I hear pets wander off away from their owners when it’s their time to go. I knew her time had to have been up, and to have her pass peacefully in the comfort of her big bed. I think of my younger sister who loves Darby to death, who’ll take her death hard; my older brother now stationed in Texas who isn’t here to say goodbye, and my little brother who has to deal with being there at the house. I’m wondering if there’s anything I can do to help ease this pain that’s caused my mom to get so overwhelmed– 

“We’ve looked everywhere for her,” continues my mom. “We can’t find her,” 

Wait–what? 

So in the span of a minute, I misunderstood what my mom had been trying to tell me: Darby wasn’t gone, she was missing. Darby had been let out to do her business, and she must’ve wandered off after. Like I said, my dog is old, and what’s worse is that she is nearly blind and totally deaf. She still has so much spirit in her, like when she protests getting baths and being taken to the vet. She’s loving but senile. She’s a house dog, she’s lazy, just like her breed naturally is, she doesn’t do walks. 

So why did she wander off? She hasn’t done that since she was a puppy, but she always found her way back home after my siblings and I would walk around the neighborhood terrified, thinking she ran away for good before finding her back in our yard. She might be at the point in her life where she’s confused about where she is, but she also knows home is where we are. 

Now knowing that my senior dog was missing, I sprang into action–anyway to calm my mom’s nerves and save my little sister and older brother some heartache and worry. 

8:56 p.m. 

While still on the phone with my mom, I had created two Facebook posts, one for my friends to see and one for a group called “Anything and Everything Huber Heights.” That’s the area I’m from, the Dayton suburbs. Everyone and their mother posts there for common questions and news about what’s going on in our area–and lost and found pets. I’ve seen the occasional post of someone finding their dog or cat through the group, so if they were able to find other community members’ pets, I figured that would be the best case scenario as to who could help my family. 

So…now what? I made the post, I screenshotted it and posted it to my Instagram story and X–which I only use to retweet pictures of Snoopy, Taylor Swift news, my favorite YouTubers, and the occasional silly post. I even use Facebook to make stupid posts I think I only find funny, like posting my boyfriend’s cats with a caption that doesn’t make sense. 

The thing about my post on X was that before I’d even posted there, someone had left a comment saying that there had been a post earlier, around 4:00 p.m. or 5:00 p.m., stating that someone had seen a dog that looked like a pug near the high school in that area. 

…WHAT?! 

I panic, because I know exactly where they’re talking about, and that is a super busy road. I was already panicking thinking Darby would get hurt by the weather since it’s supposed to be growing colder, and the thought of her having to wander or sleep in the cold tore my heart apart (it does now just writing about it). But to have my childhood dog pass away by wandering into the street…I didn’t want to believe it.  I didn’t want to believe that Darby had wandered that far. You’re telling me that my 20 pound Puggle, who’s never left the neighborhood, and has only wandered across the street from my house, was spotted at the nearest high school in my area? That only broke my heart more, thinking Darby was wandering that far, confused, alone, and possibly freezing.

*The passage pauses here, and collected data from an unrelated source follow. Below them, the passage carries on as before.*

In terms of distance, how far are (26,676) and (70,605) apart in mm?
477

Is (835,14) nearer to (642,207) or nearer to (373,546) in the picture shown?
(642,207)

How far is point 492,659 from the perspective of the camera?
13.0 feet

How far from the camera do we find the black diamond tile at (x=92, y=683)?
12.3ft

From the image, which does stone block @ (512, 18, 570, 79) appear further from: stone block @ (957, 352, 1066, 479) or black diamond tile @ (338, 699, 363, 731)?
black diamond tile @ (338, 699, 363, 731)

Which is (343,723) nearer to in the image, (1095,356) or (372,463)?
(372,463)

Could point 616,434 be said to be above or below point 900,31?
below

8:57 p.m. – a nervous, scared phone call to the Huber Heights Police Department, describing Darby and giving my contact information. 

From the phone call with the very nice dispatcher lady at the police department, she suggested posting to the Facebook group “Dayton, Ohio and Surrounding Area Lost and Found Pets.” I copy my post from the Huber Heights group and post there. Between everything else I’ve done, I am refreshing my Facebook and Instagram notifications every second. I get posts praying that she comes home, I get pictures on what to do when you’ve lost your dog, and a million reshares from strangers in the group, all very sweet, but I still don’t know if Darby has been seen by anyone else or picked up by animal control. 

9:25 p.m. 

This is the timestamp of when I screenshotted the post that helped us find where Darby was. I was scrolling through the group “Dayton, Ohio Surrounding Area Lost and Found Pets,” wondering if anyone there had made a post about finding Darby, and that’s when I saw this post of a screenshot. 

I screenshot the post and send it to my family group chat, calling my mom at the same time that I mistyped my comments because I was so excited and needed to find which animal control company picked Darby up. My mom was in tears but elated at the news, while we all shouted over one another as I tried to find the exact place that picked her up. There was a phone number, and finally I saw from my initial posts that others had taken pictures of Darby and stated that Greene County Animal Control picked her up. The screenshot has Darby found, picked up, and posted around 7:30 p.m., but I’m not sure if that’s with the edit for the update or not. 

Doesn’t matter. We found her! 

From the post that found her, detailing where they picked her up, I thought the scene looked familiar, and the roads they listed were ones that I knew. They mentioned a corn field by my neighborhood with a street right next to it that I took every day to high school, and one that I take to go back to UD. Because where Darby was found is twelve minutes from my house.

It is more plausible that Darby was found here! If she somehow weaved herself throughout Huber Heights, I’m going to need security footage from the city of Dayton for me to believe it. 

But Darby is home! 

I know at UD the word “community” has been thrown around a lot and can be made a joke with how much we pride ourselves on it–which is great, but there’s something about the people back at home that changes your perspective on it. I had someone I knew in grade school but drifted from high school post about Darby to her Instagram story, I had my housemate here share my post, and I had so many people in the Huber Heights community send prayers and help out, all underneath my first post to the Anything and Everything Huber Heights group. This was something I needed to remind myself that where you’re from isn’t a curse. Sure, technically I live 20 minutes from my house, but UD is my own little world, home away from home. Not being there for my family when I got the news about Darby crushed me. I wanted to help, I wanted something done, but I needed to ask my community for help. 

Making those posts about Darby being found was the best feeling, especially after such a depressing hour or two trying to locate her. She’s part of my family, she’s mine and my siblings best friend, our childhood. My siblings and I were surprised with Darby a few days before Christmas, after begging so long for a dog. She’s given us some crazy stories to tell with friends and families, and we now have one more to add to our collection.

Love ya, Darby, but don’t freak us out like this again!